Todavia, o tema permite uma análise diferenciada da resposta dada pelo STJ à problemática, senão vejamos.
Conforme se extrai das decisões oriundas do supracitado tribunal, haveria regularidade na interrupção de serviços essenciais em razão de a legislação reguladora dos regimes de concessão e permissão de serviços públicos autorizar tal ato. O citado corpo legal assim dispõe:
“Art. 6o Toda concessão ou permissão pressupõe a prestação de serviço adequado ao pleno atendimento dos usuários, conforme estabelecido nesta Lei, nas normas pertinentes e no respectivo contrato. […]
§ 3o Não se caracteriza como descontinuidade do serviço a sua interrupção em situação de emergência ou após prévio aviso, quando: […]

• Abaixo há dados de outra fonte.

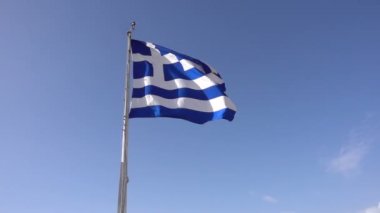 Yunan bayrağı mavi gökyüzüne karşı sallayarak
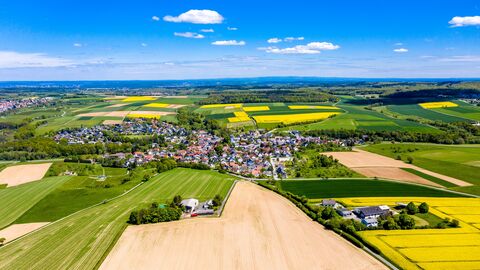 Schrägluftbild einer Kommune im hessischen Hochtaunuskreis. Neben grünen Feldern sind gelbe Rapsfelder und der blaue Himmel zu sehen.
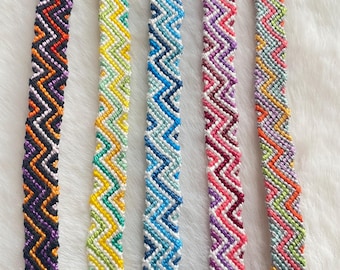 May include: Five handmade woven friendship bracelets featuring a repeating chevron pattern. The bracelets display various color combinations including black, orange, and purple; yellow, green, and white; light and dark blue; pink, red, and white; and multicolored pastel threads.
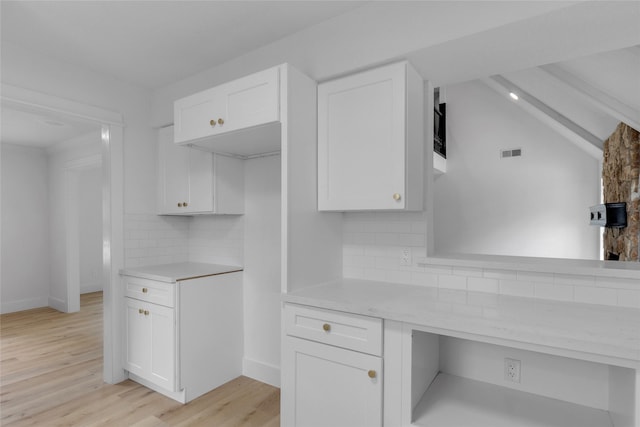 kitchen featuring decorative backsplash, light wood-style floors, visible vents, white cabinetry, and baseboards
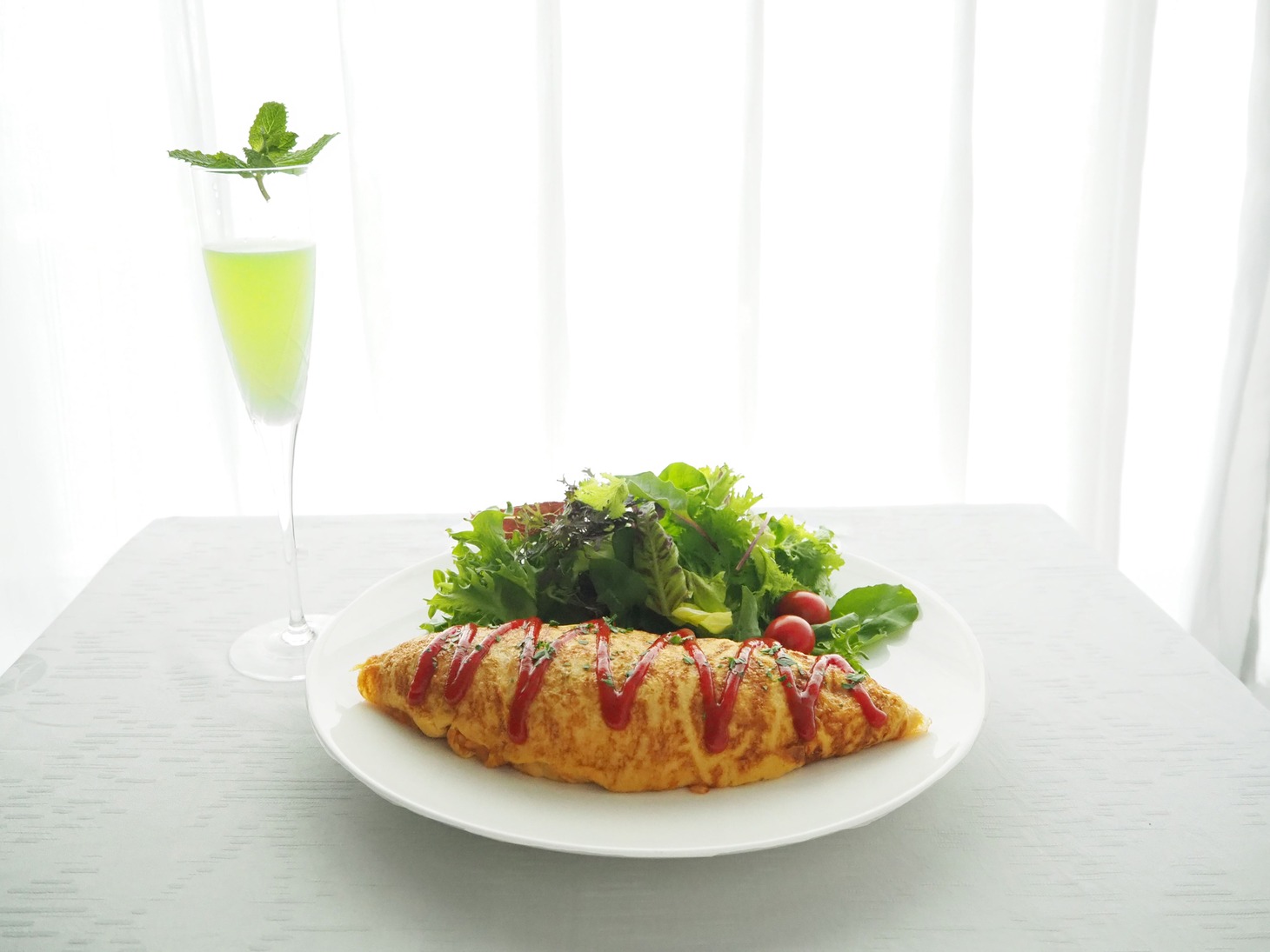 「朝食・夕食付きプラン」のカクテルとオムライス。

II – por inadimplemento do usuário, considerado o interesse da coletividade.”
Ocorre que, entretanto, é necessário esquadrinhar tal ponto sob uma perspectiva constitucionalista, mais precisamente dos direitos e garantias fundamentais.

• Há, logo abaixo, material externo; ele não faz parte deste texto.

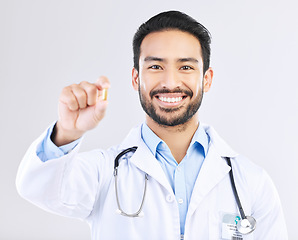 Image showing Doctor portrait, studio pills or happy man with pharmaceuticals, drugs or medicine supplement. Healthcare support, medical pharmacy or male pharmacist with prescription medication on white background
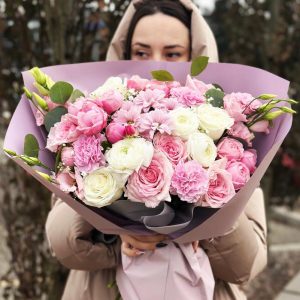 Image of the "Radiant Blossom Harmony Bouquet" showcasing a colorful blend of roses, chrysanthemums, ranunculus, lisianthus, spray roses, dianthus, and gypsophila. The lush eucalyptus foliage provides a vibrant and balanced arrangement, perfect for special occasions.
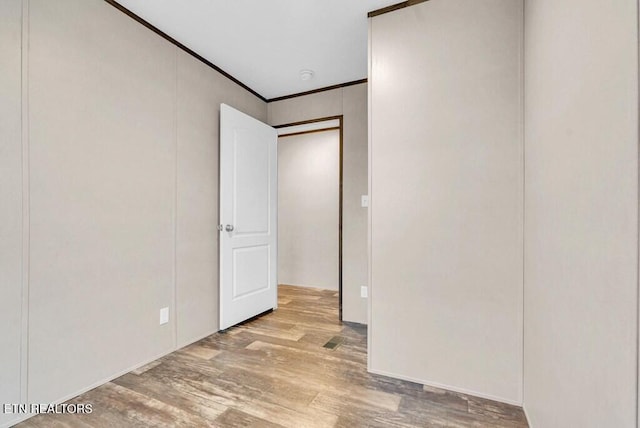 3841 Mcbroom Chapel Rd, Cookeville, TN 38501 - unfurnished room featuring wood finished floors and crown molding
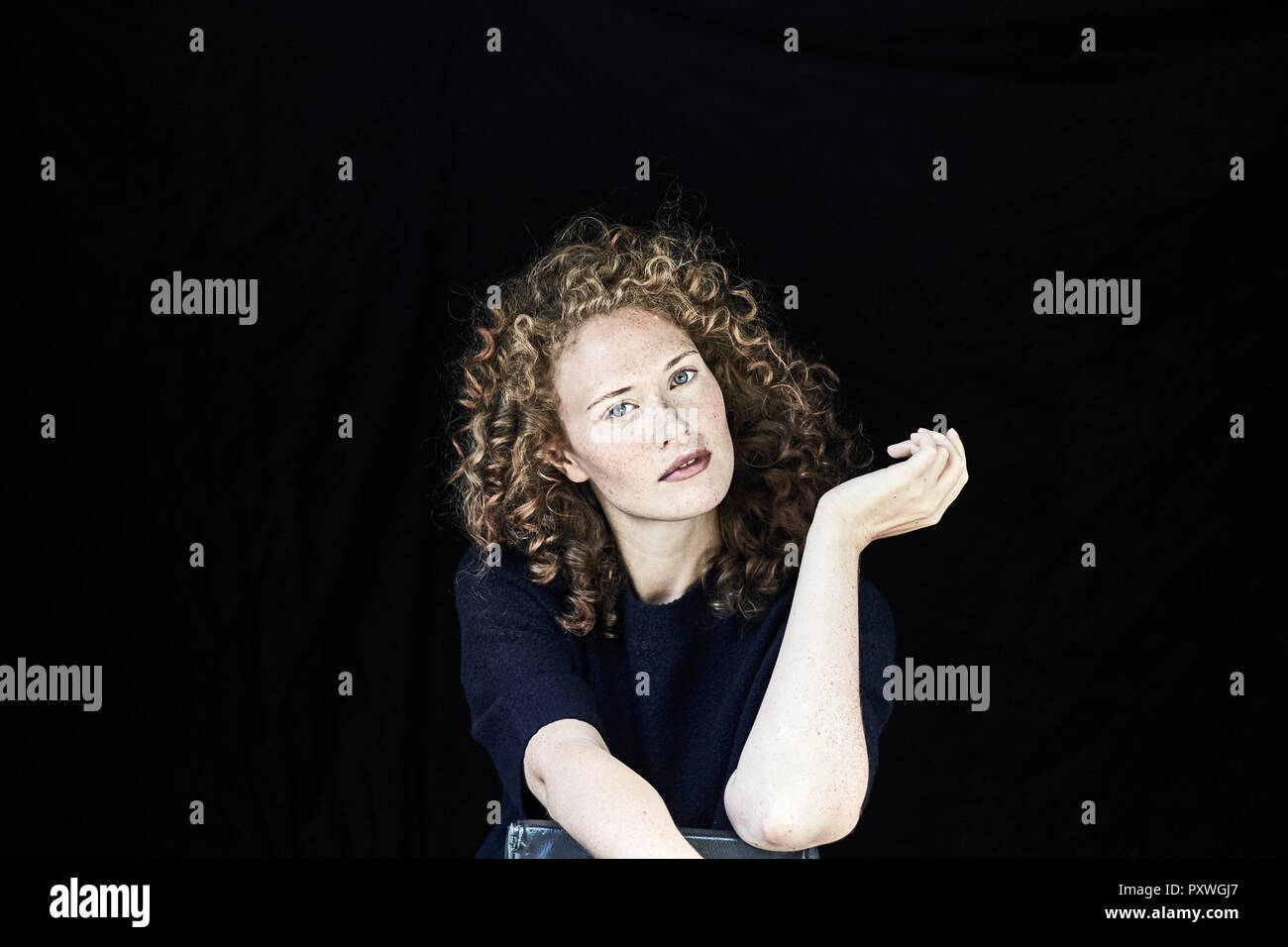 Portrait of young woman with curly  hair in front of black background Stock Photo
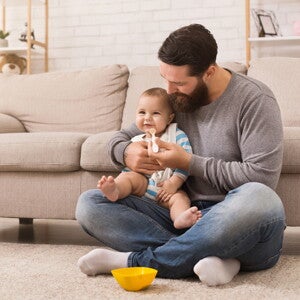 אב ומאכיל את בנו על שטיח בסלון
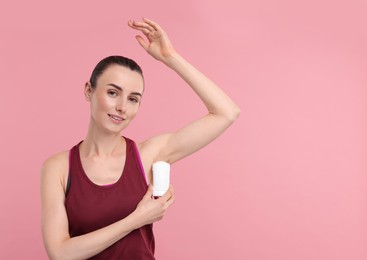 Photo of Beautiful woman applying deodorant on pink background, space for text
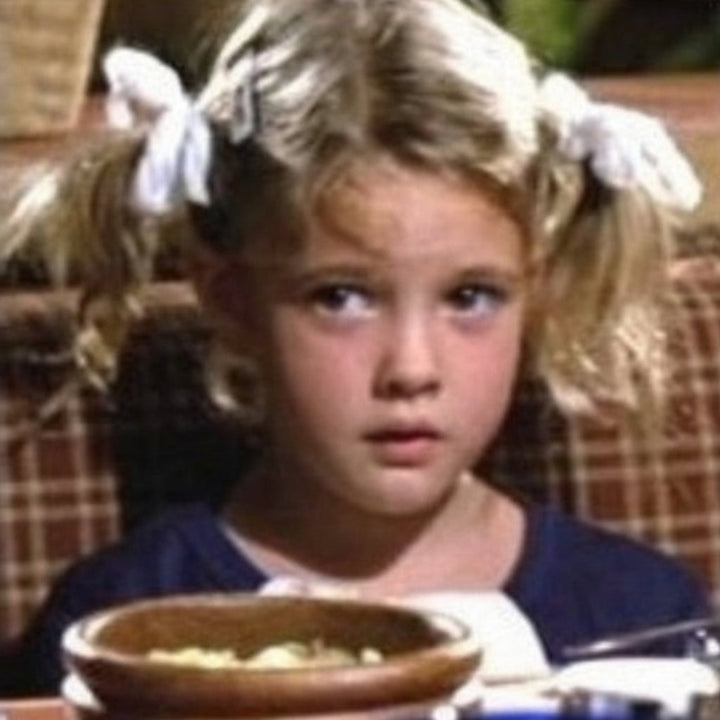 Gertie in "E.T." wearing white yarn hair ties, ponytail ribbons (1982).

Expressamente prevê a Constituição da República a dignidade da pessoa humana como um de seus fundamentos[9]. Mais à frente, prevê a Carta Magna o direito à vida entre os direitos e garantias fundamentais[10].

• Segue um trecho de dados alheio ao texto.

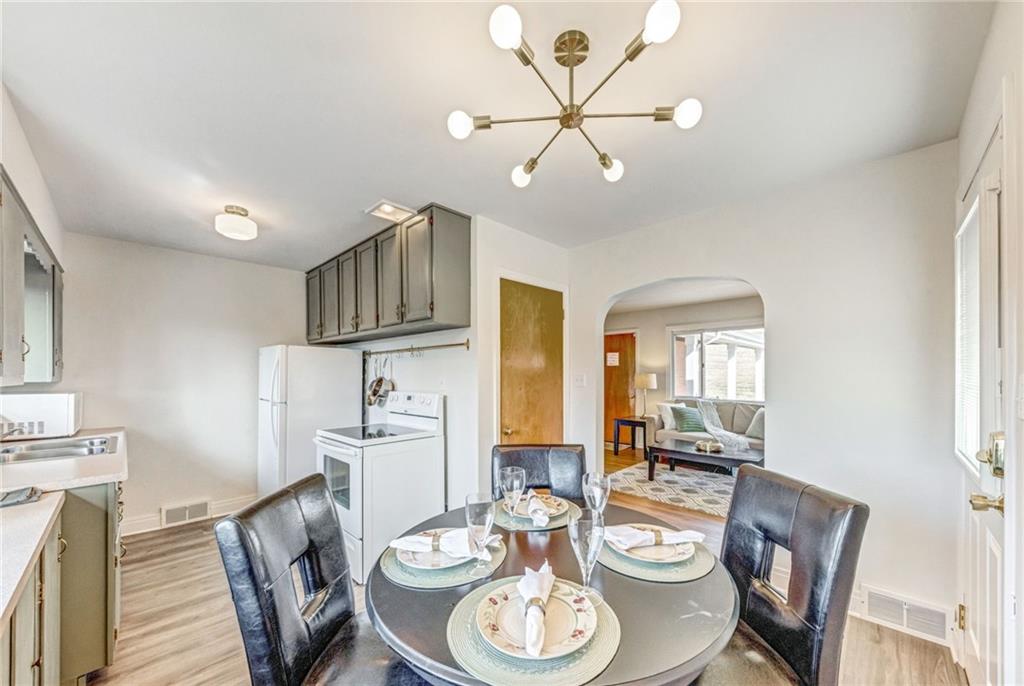 101 Lorish Road, Unit A McKees Rocks, PA 15136 - Photo 8 of 25 a kitchen with stainless steel appliances a dining table and chairs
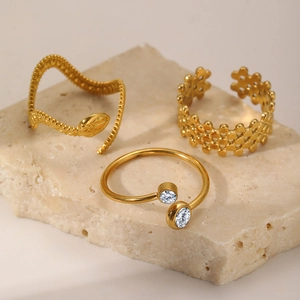 Detailed shot of three gold plated titanium rings with woven mesh and zircon on stone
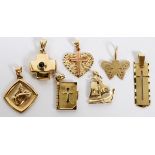 14KT YELLOW GOLD RELIGIOUS CHARMS, 7 PCS.:  three cross pendants one with heart shape  pierced leaf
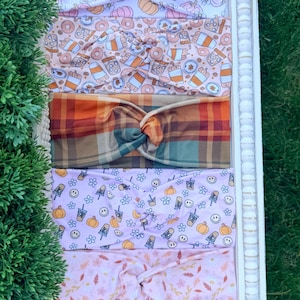 May include: Five fabric headbands with twisted knots, featuring various patterns including orange and purple pumpkins, coffee cups with donuts, a multi-colored plaid, smiley faces with pumpkins, and a light pink floral print with autumn leaves.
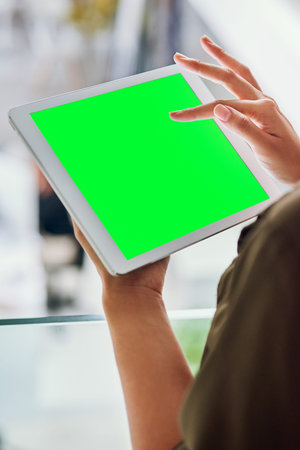 Hands, employee and green screen on tablet in office for mockup space for research and networking....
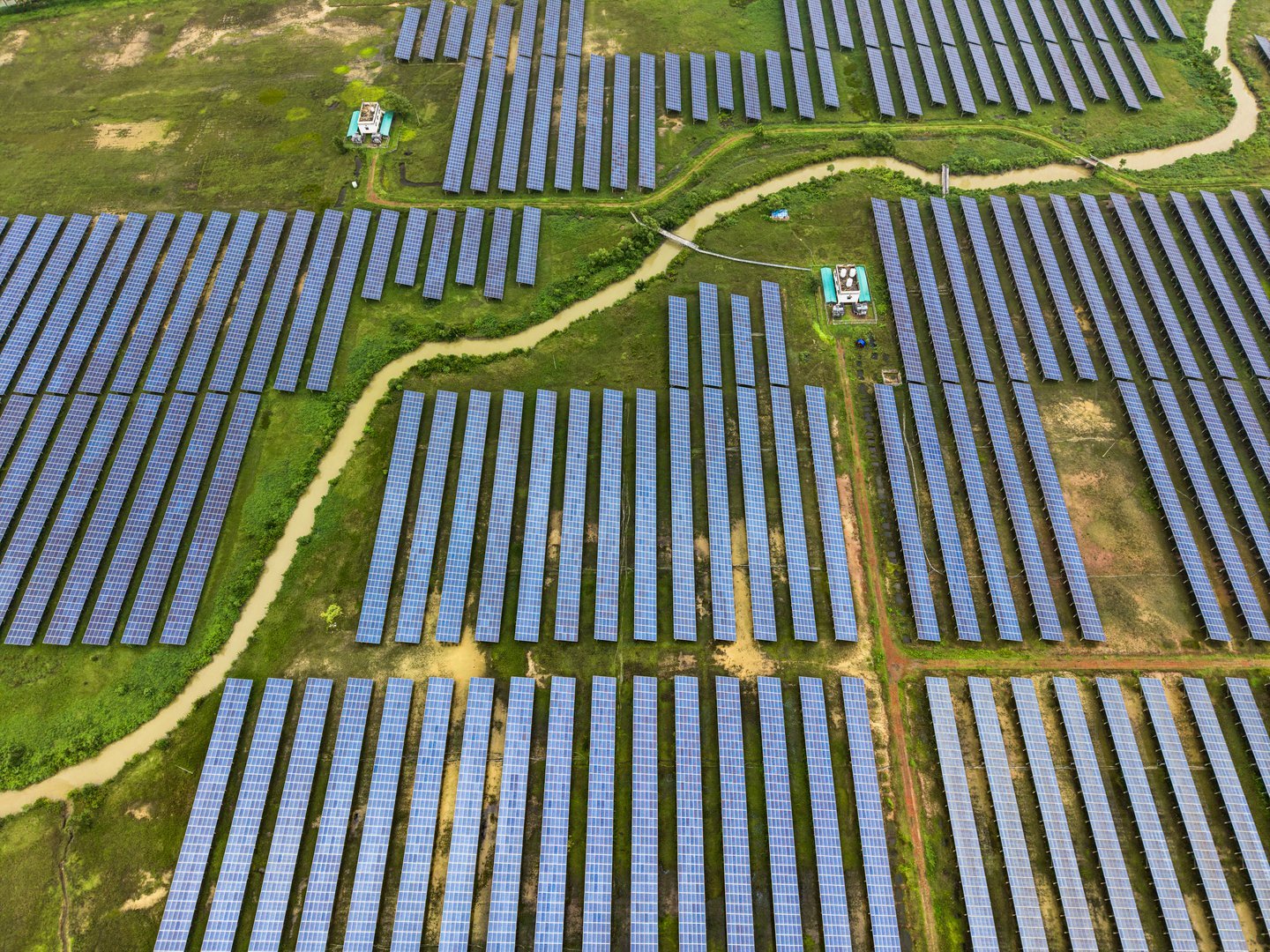 Photovoltaic solar panels deployed across utility-scale generating acreage to offset rising commercial energy consumption.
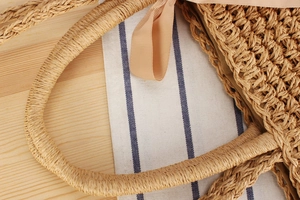 Macro view of bohemian paper rope woven beach bag with silk bow and zipper detail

A seu turno, a norma plasmada no artigo 6°, inciso X, do Código de Defesa do Consumidor é peremptória:
“Art. 6º São direitos básicos do consumidor:
X – a adequada e eficaz prestação dos serviços públicos em geral.”
Ora, conjugando as premissas constitucionais aos postulados traçados na legislação protetora dos direitos dos consumidores, vislumbra-se como dever do Estado zelar pela prestação daqueles serviços básicos que garantem a estruturação da sociedade e a sobrevivência digna dos indivíduos. Como cogitar a proteção do direito à vida sem a efetiva prestação de serviços básicos que permitem o alcance de direitos outros complementares àquele, como, por exemplo, a saúde?
Não por acaso, é que, trilhando esta exegese, já decidiu o STJ:
“PROCESSUAL CIVIL E ADMINISTRATIVO. RECURSO ESPECIAL. AUSÊNCIA DE OMISSÃO, CONTRADIÇÃO OU FALTA DE MOTIVAÇÃO NO ACÓRDÃO A QUO. DIREITO DO CONSUMIDOR. AUSÊNCIA DE PAGAMENTO DE TARIFA DE ENERGIA ELÉTRICA. INTERRUPÇÃO DO FORNECIMENTO. CORTE. IMPOSSIBILIDADE. ARTS. 22 E 42 DA LEI Nº 8.078/90 (CÓDIGO DE PROTEÇÃO E DEFESA DO CONSUMIDOR). ENTENDIMENTO DO RELATOR. ACOMPANHAMENTO DA POSIÇÃO DA 1ª SEÇÃO DO STJ. PRECEDENTES. […]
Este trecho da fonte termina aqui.